▸ **ACTIVITY**
In the listing below, locate the line with "Fachada Condomínio em" and the line with "815 E Olive", then output both and everything between them exactly, minus any pictures.

▸ **EXCERPTED DATA**
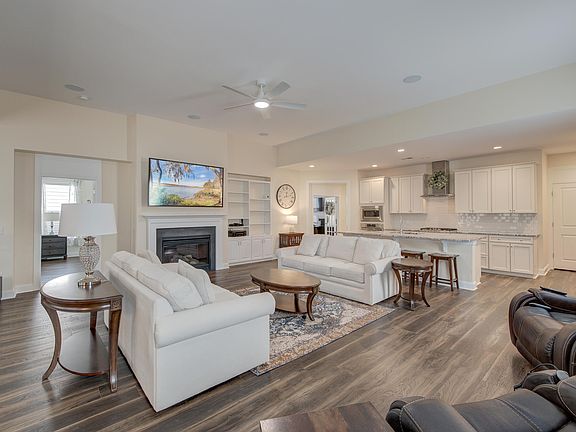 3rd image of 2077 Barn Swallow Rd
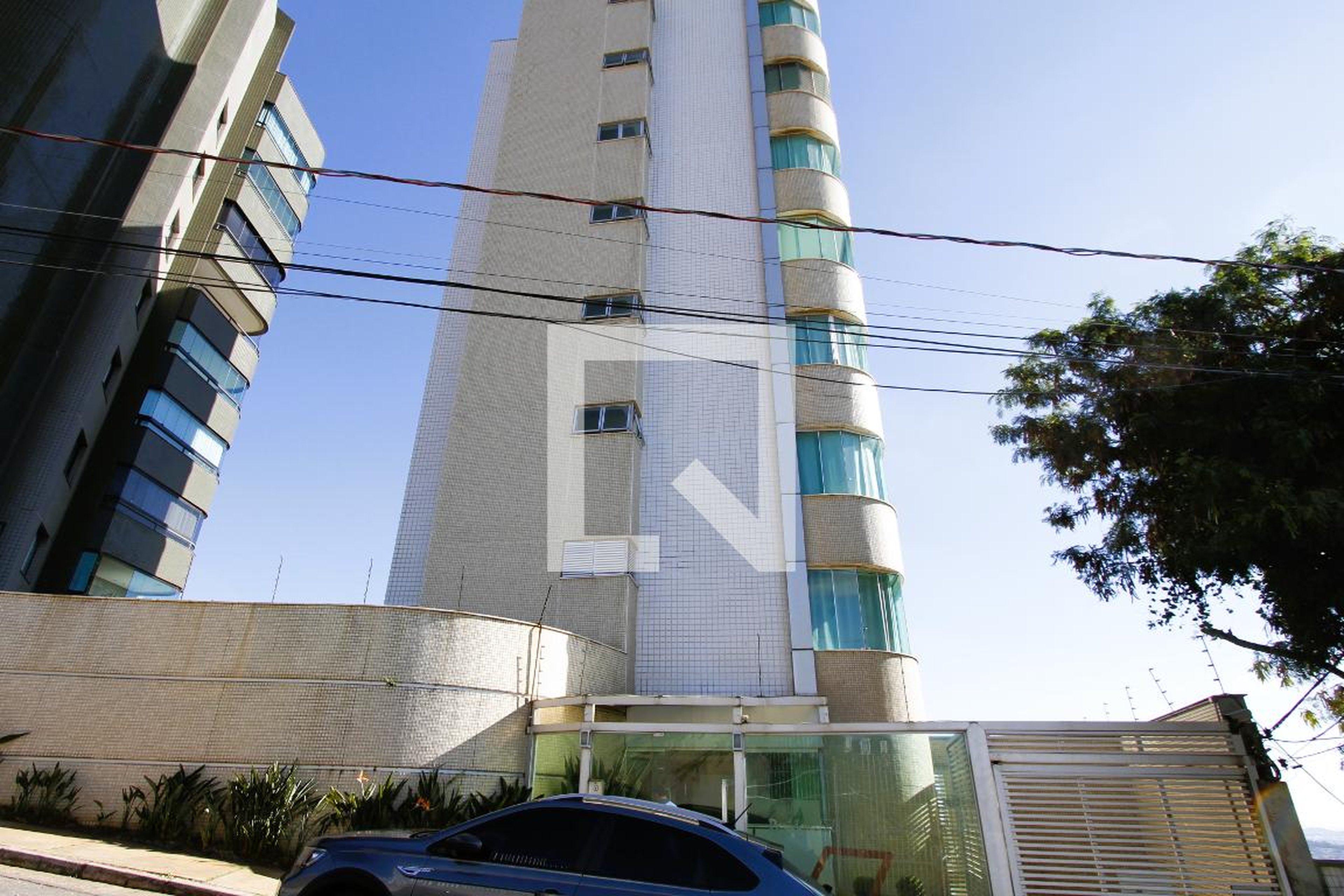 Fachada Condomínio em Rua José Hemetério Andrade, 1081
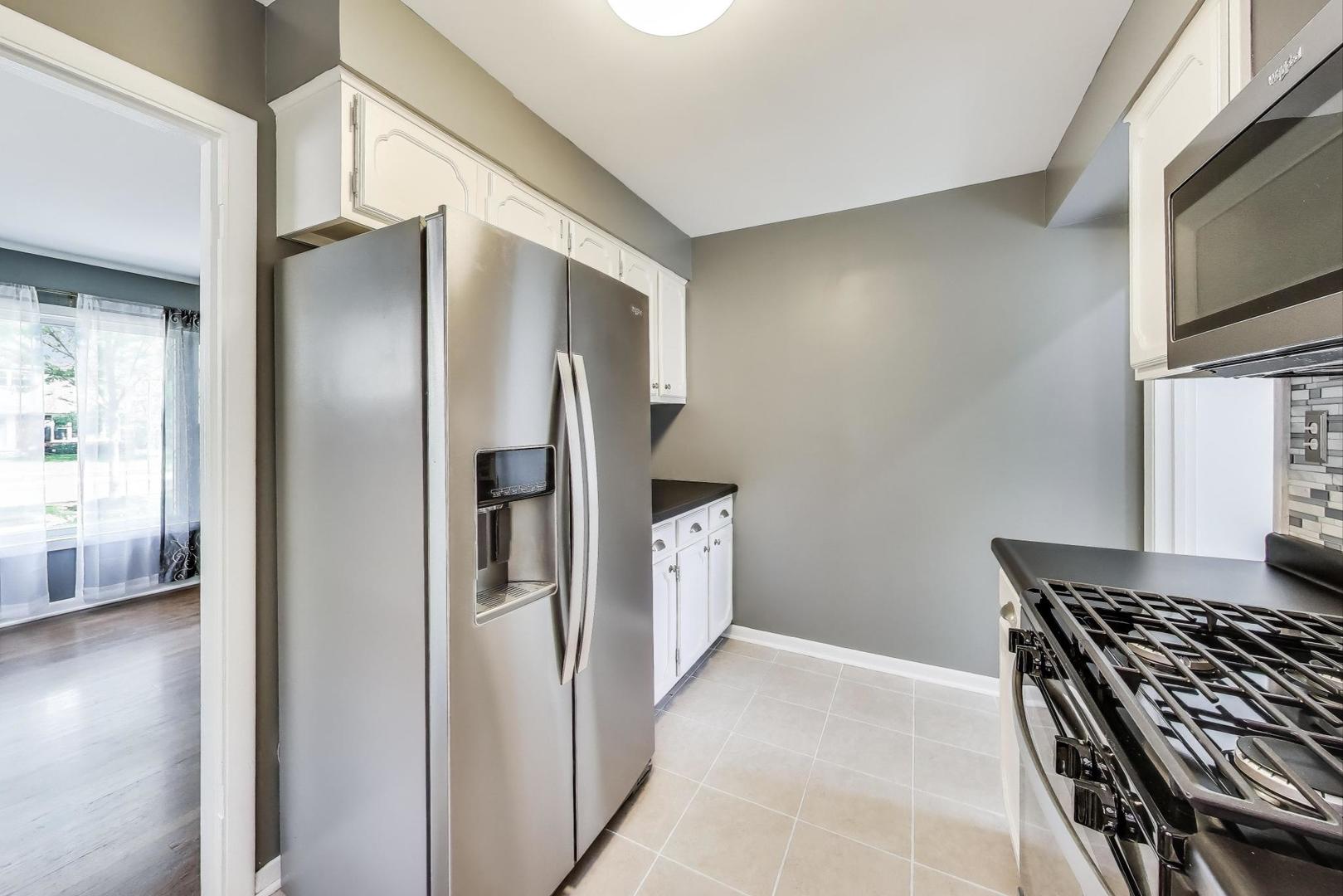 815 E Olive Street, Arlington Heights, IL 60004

...

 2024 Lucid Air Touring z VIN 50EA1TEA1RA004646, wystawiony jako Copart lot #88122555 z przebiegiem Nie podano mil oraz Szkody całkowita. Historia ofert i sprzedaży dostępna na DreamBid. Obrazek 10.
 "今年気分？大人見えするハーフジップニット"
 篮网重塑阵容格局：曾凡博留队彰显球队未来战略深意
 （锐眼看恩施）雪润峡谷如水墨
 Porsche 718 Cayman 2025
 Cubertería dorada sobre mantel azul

▸ **TASK ANSWER**
 Fachada Condomínio em Rua José Hemetério Andrade, 1081
 815 E Olive Street, Arlington Heights, IL 60004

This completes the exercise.